With regard to the second point, the possibility of requiring consent for non-pseudonymised processing must be balanced, in the writer's opinion, with the principle of data minimisation: processing the data of participants in a clinical trial in the clear should only be allowed if necessary for the purposes of the research.

The report then proposes a kind of granularity of data sharing, which consists in implementing data sharing with the explicit consent of the user. In other words, no entity would be allowed access to a user's health data unless the user explicitly grants it.

The example ENISA provides is of a patient using a wearable device:

  • the wearable device is intended for glucose monitoring but also collects other clinical parameters such as blood pressure and caffeine levels;
  • the data streams are uploaded to the cloud to be shared with different parties (doctors, family members, etc.).

The main challenge foreseen by ENISA is to find ways for the user to selectively share specific data streams generated by the device with specific subjects.

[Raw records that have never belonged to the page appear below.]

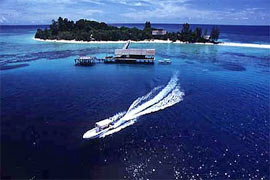 Lankayan Island Resort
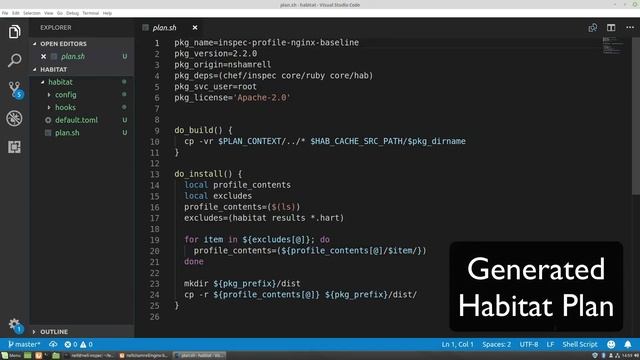 Getting Started with Chef Habitat Part 6: Scanning Apps for Compliance with Habitat & Inspec (Demo) смотреть онлайн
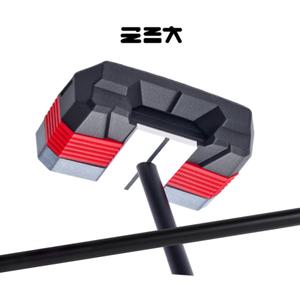 제로토크 굴림채 ZET 세미말렛 블랙스틸 샤프트 제작퍼터 센터샤프트퍼터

Such an access model can be based not only on the identity of the recipient, but also on additional parameters such as the time period in which the data was generated or its type. For example, a third party could be granted access only to data corresponding to the last three months) and/or to specific parts of the data set (e.g. blood pressure measurements).

The technique proposed to enable this selective sharing of data is asymmetric encryption, but this has limitations in terms of practicality and efficiency.

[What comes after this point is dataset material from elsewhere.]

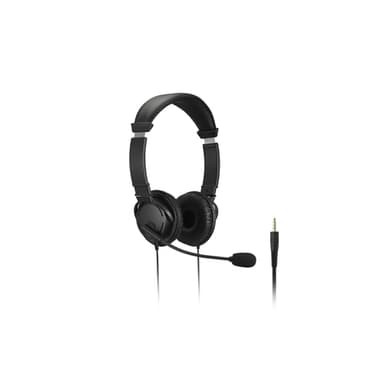 Kensington Classic 3.5mm Headset with Mic and Volume Control view 1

Indeed, if the same data were to be shared with several recipients, the user would have to share the same data several times, each encrypted with the recipient's public key.

This leads to two critical issues:

  • redundancy, which becomes a predominant problem especially in the case of high volumes of data that are constantly being produced;
  • the fact that, since some recipients may not be known in advance, new encryption would be required for each new access to be granted.

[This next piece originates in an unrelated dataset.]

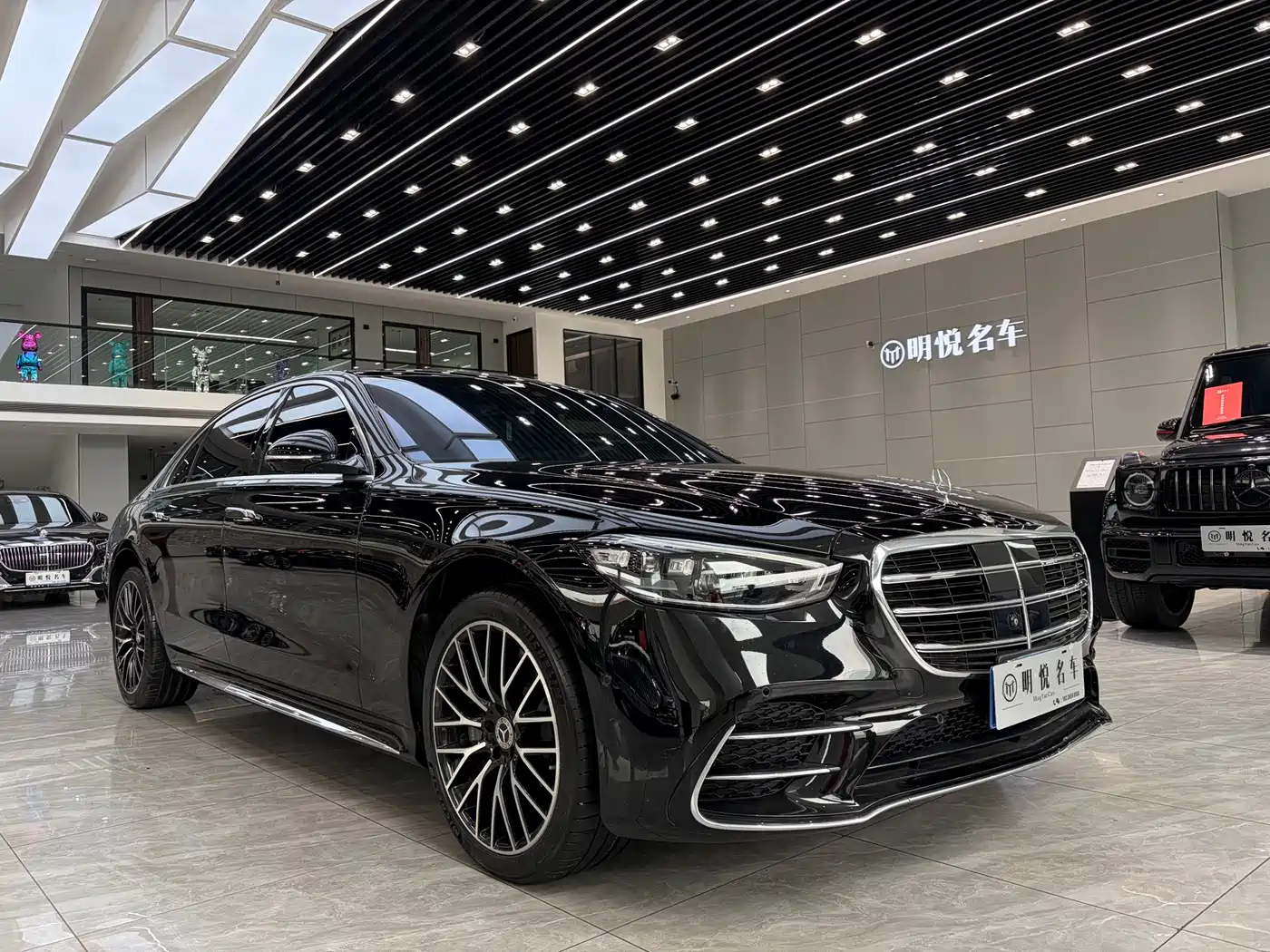 Mercedes-Benz S-Class 2022 S 500 L 4MATIC фото 3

To overcome these limitations, the report proposes the use of two particular asymmetric encryption techniques:

  • Attribute Based Encryption (ABE), in which data can be encrypted using a public key, but at the same time, unlike 'classic' public key encryption, there can be multiple decryption keys, each of which is linked to small additional pieces of information about the data, called attributes. Decryption keys are generated from a generic secret key that must remain private.

    In the case described above, the user data generated by the wearable device is associated with specific attributes related to it, such as date of origin, object type, etc. These attributes will later be used to define the access control mechanism for this data. The data is then encrypted and uploaded to the cloud. When a third party requests access to a user's data, the user creates an access policy for that party specifying which exact properties must be satisfied by the data to which access is to be granted. Once the recipient (e.g. a doctor) receives this decryption key, it will only be able to decrypt locally the data that satisfies the access policy defined by the user, since the ABE decryption key only decrypts a subset of the data set
  • Proxy Re-Encryption allows for the re-encryption of an already encrypted data set from one public key to another, without the proxy having access to the unencrypted data set. This is an ideal approach when the entity with whom the data is to be shared is not known at the time of the initial encryption or the sharing is to be done via untrusted infrastructures.

Returning to the use case described above, the user encrypts their data with their public key and uploads it to the cloud. When a third party, e.g. the doctor, requests access to the data, the user generates a so-called re-encryption key, using his own private key and the doctor's public key. The re-encryption key can then be sent to the cloud provider, which is now able to encrypt the data with its own public key. The re-encryption key can be sent to the cloud provider, who is now able to convert the initial encrypted data set into a new encrypted record that corresponds to the encryption using the physician's public key. In this way, only the physician can decrypt the data - and thus access it - using their private key.